After digging a bit, I found an article on Hackaday where someone made a custom power adapter using Digispark, a modified regulator, and some simple handshaking code. Going down into the comments, Sam Mallicoat mentions the handshake can simply be done with a couple resistors and a momentary switch. Even better, Horst Leykam replied that a regular old latching SPST could work instead of a momentary switch. Aha! Since I was trying to keep this compact, this seemed like a great option compared to adding a microcontroller to the system. My plan was to made a cable adapter with an in-line switch that contained the resistors. A USB A male connector on one end and 2.1mm barrel connector on the other would give me good compatibility with my devices.

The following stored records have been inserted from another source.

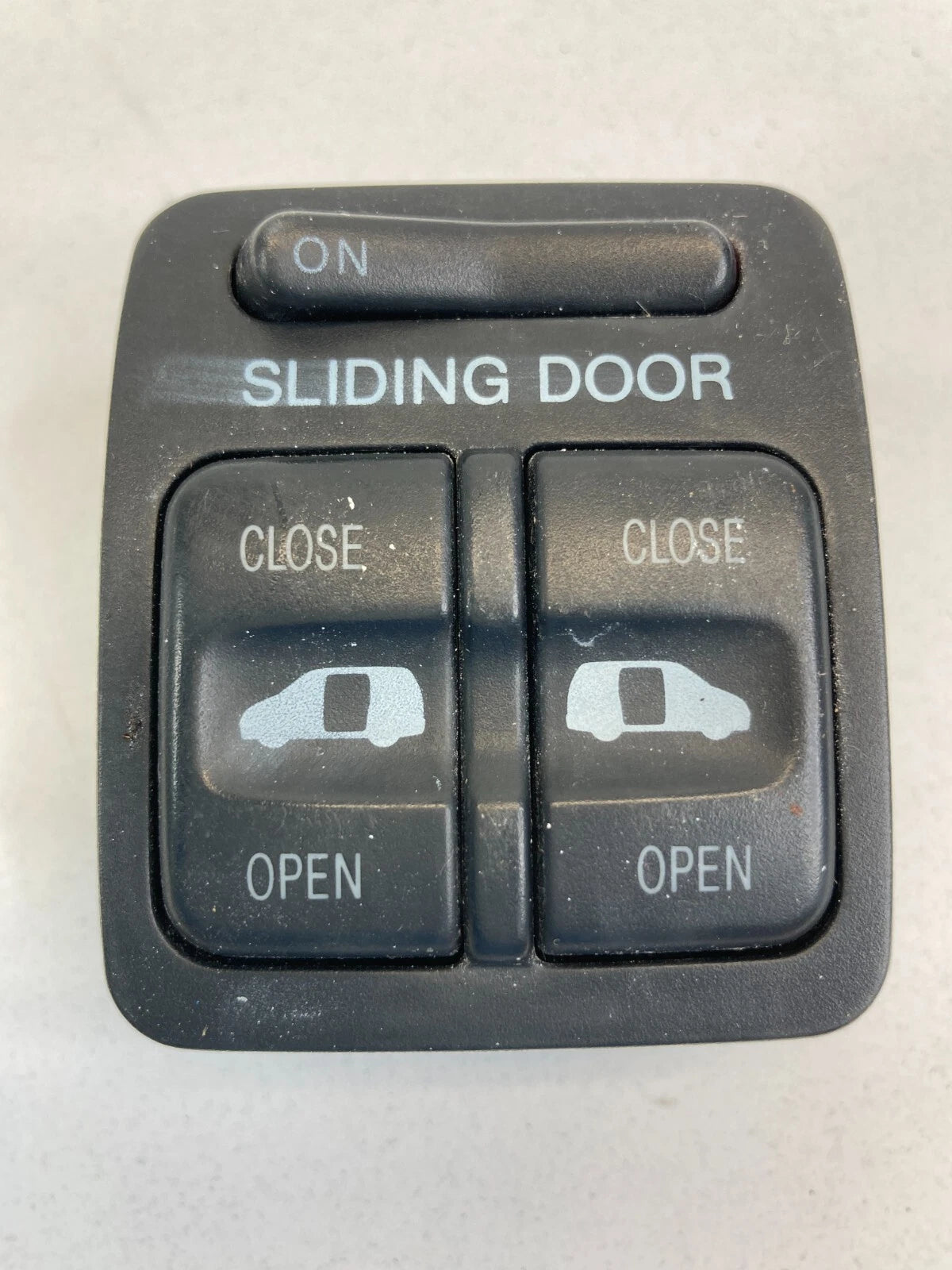 1999-2004 HONDA ODYSSEY POWER SLIDING DOOR CONTROL SWITCH BUTTON 35385-S0X OEM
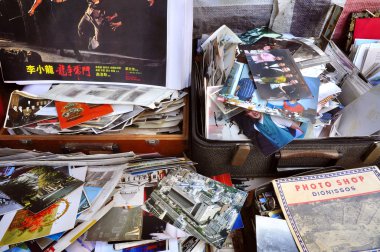 Eski kartpostallar ve vintage fotoğraf üst Hintli satır semt pazarı, Sheung Wan, Hong Kong satış kutuları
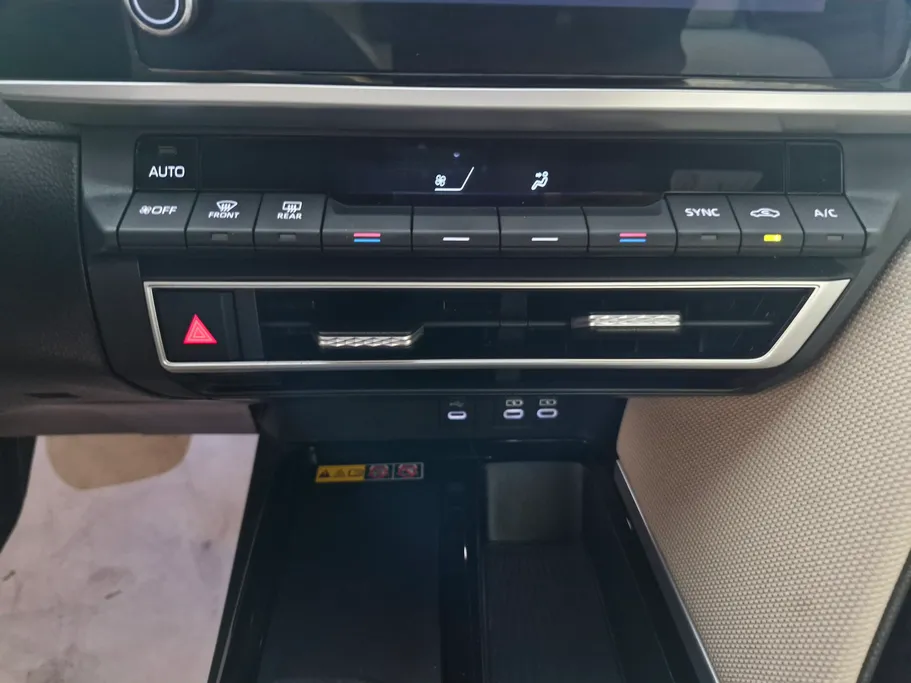 تويوتا كامري LE HEV 2025 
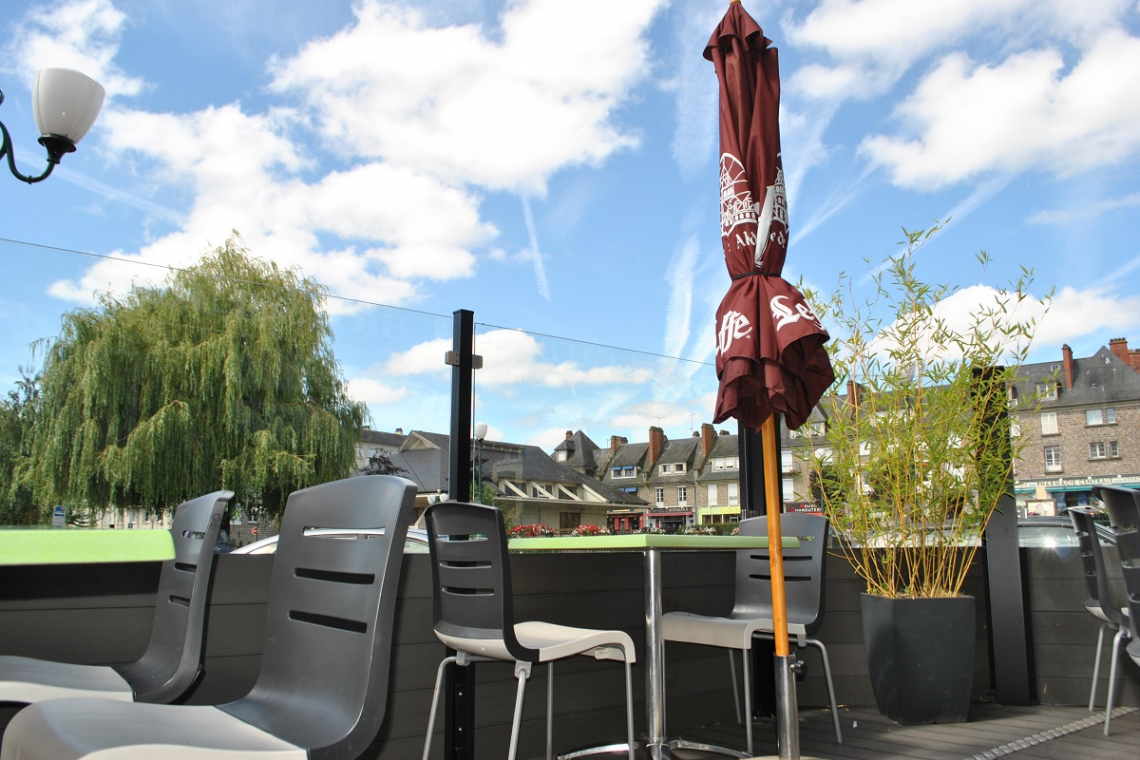 Le café des quais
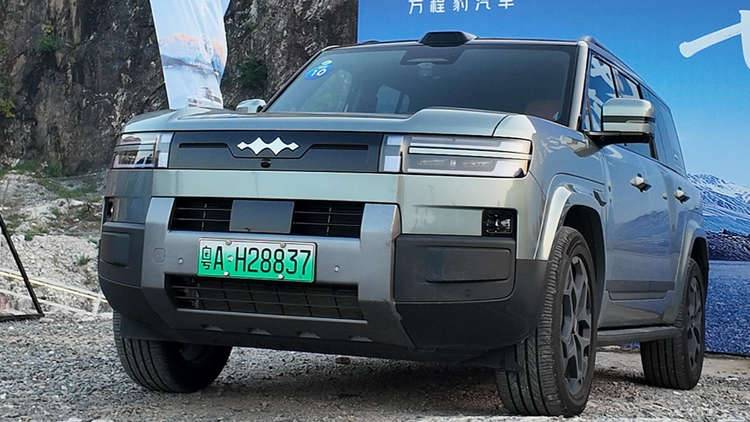 帅到犯规的腾势Z9GT，2025慕尼黑车展“最潮合影搭子”王座！
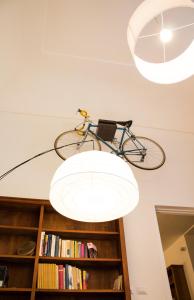 ナポリにあるCasa dei Vergini Historical center Napoliの天井から吊るされた自転車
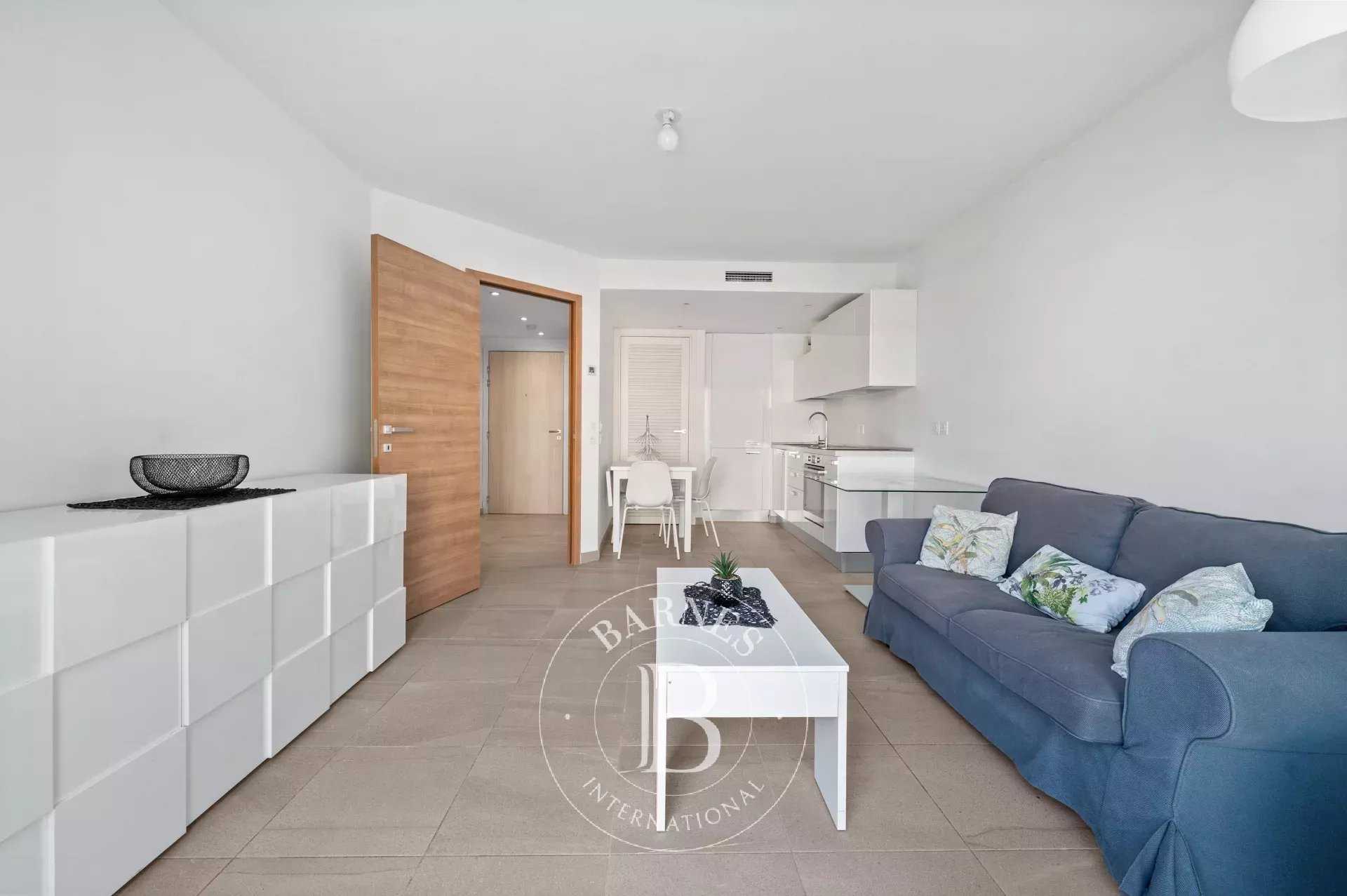 Beausoleil  - Appartement 2 Pièces, 1 Chambre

For the switch, I ended up buying a simple Leviton in-line lamp cord switch which is large enough to hold the resistors inside and can be found online or a hardware store. I unfortunately didn’t take photos at the time, and I admit it wasn’t pretty inside; I had to use some hot glue to keep wires where I wanted them and rip out the regular lamp cord contacts. But still, it was not too difficult of a project. As this uses a SPST switch, the operation is as follows:
- Plug USB cable of adapter into Tronsmart
- Cycle the adapter switch to off (if it’s not off already)
- Switch adapter on
- Voila! After a moment, 12V will be coming out on the barrel connector
Note that this switch does not control power entirely; when the switch is in the off position and before cycling it, it will still be outputting 5V. This is likely not an issue for a 12V device, but of course, proceed at your own risk!
While I know my adapter could be prettier, I’ve been happy with it so far. I have 2.1mm y-splitter cable which allows me to charge two devices at a time, usually my D74 (with a small connector adapter) and HD-1 or D74 and 817ND. While it could actually run one of those devices at a time based on its current capability, the inexpensive switching regulator in the Tronsmart is expectedly noisy, so this really should only be used as a charger. Since the Tronsmart is a dual USB port charger, I can bring this adapter to charge my radios and iPhone or iPad all from the same outlet at the same time.